June 18, 2010

Toughest question for mommy

I'm staring down one of the toughest questions I can fathom hearing from a daughter (or a son, once boys realize they're getting short changed).  She's asked it several times in a variety of ways and I answer in short, vague snip-its, just praying she doesn't ask again until I have a better answer for her.  How can I stay home with my kids and have a career?  That's what she wants to know.

I have a brilliant daughter who has dreams of talking the Russians into sending her to live on the space station since Obama just sent his last crew and she missed the opportunity to go with the Americans (it's so unfair that they never consider 6 year olds for the job!)  She wants to be the one to finally find space bacteria.  Sounds great, right?

But she also loves home schooling and says she wants her kids to be home schooled too.  She asked me how she's going to be able to home school her kids and fly into space.  She asked if I'd do it for her.  I politely declined the honor and for now we've entertained the notion that she'll be the first woman to get to take her whole family into space with her and they'll learn all the need to know about math and science out there on the job.  But how long will she believe that?

Once she asked if she really needed to go to college if she was just going to stay home and be with her kids.  I told her that there's no way to know what she'll want to do when she grows up and she needs to make sure she doesn't limit her options by deciding too early that she doesn't need to get an education. Luckily she quickly goes back to her space dreams and declares her mission to be the most over-educated woman alive.

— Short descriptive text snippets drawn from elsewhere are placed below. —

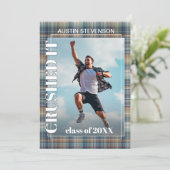 Blauwgroen Blue Tartan Pset Afstuderen Aankondiging (Staand voorkant)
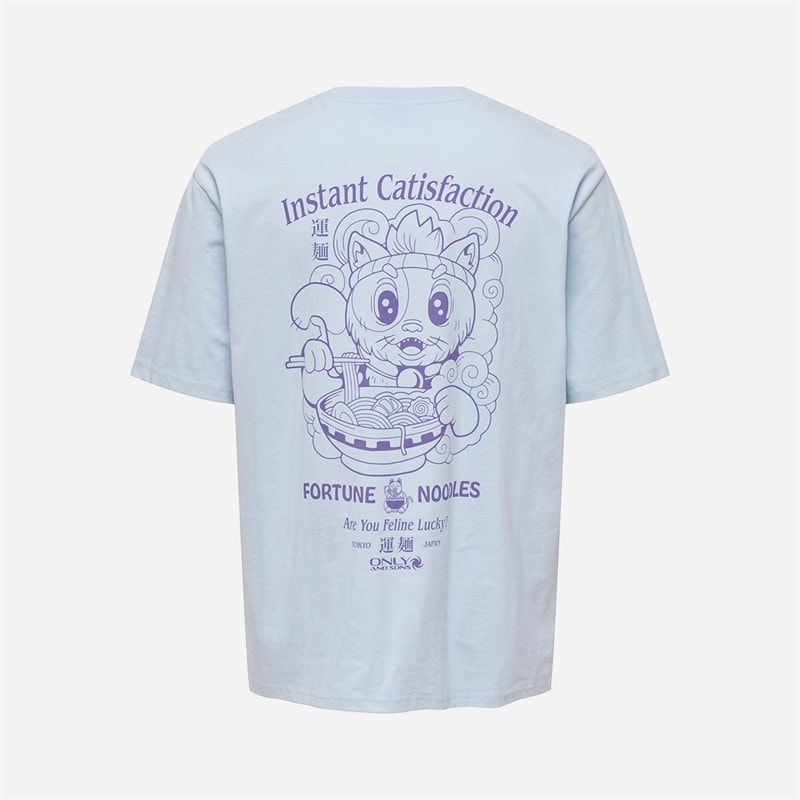 ONLY & SONS Heren Catisfaction Relaxed T-shirt Skyway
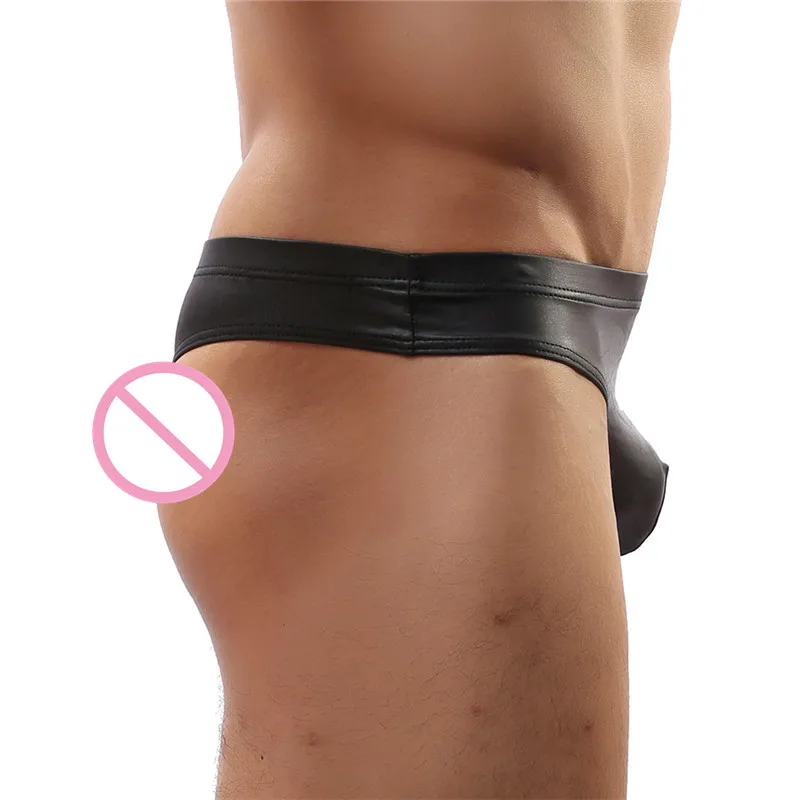 Сексуальное мужское нижнее белье YUFEIDA черные Трусы стринги из искусственной кожи
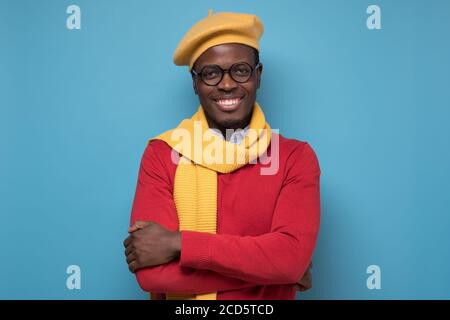 Smiling happy african man in glasses looking confident at camera Stock Photo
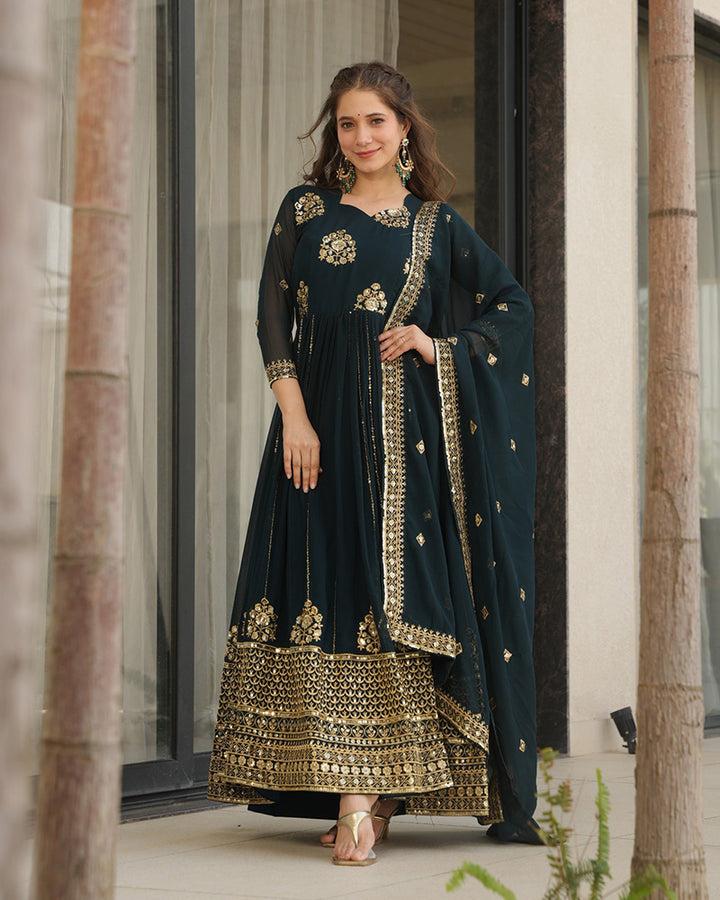 Deep Teal Green Color Faux Blooming Gown With Embroidered Dupatta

The question of "can I really have it all?" probably started when the first person left home to make money or trade goods.  It's a question that seemed to get tied to women during the whole women's lib thing.  But now I am hearing a few men here and there ask, "Why can't I stay home with my kids?"  If men and women are equal, why do we assume that the women get to stay home?  Don't get me wrong.  I'm glad I get to be the one!  I can't imagine having to head off to work every day and miss out on all the things the kids say and do.  I doubt that being a man makes that act an easier.

But it seems true that you can't have it all.  I am so glad I went to college even though I'm not earning money with my degree, but that seems like an insufficient answer.  That's where I met Joe and we began our lives together, but the idea of going to college to find a husband makes me want to throw up.  I think college is important.  Knowledge is important.  You'll use knowledge even if it's only imparted on your gaggle of kids and not earning you 6 figures.  But I wish I had an even better answer. 

I  guess I wish I could look at her and tell her, without lying, that yes, there is a way to have it all.  You can walk on the moon and never miss a minute of your childrens' lives.  But I can't.  It breaks my heart that someday she'll have to choose between such exciting options.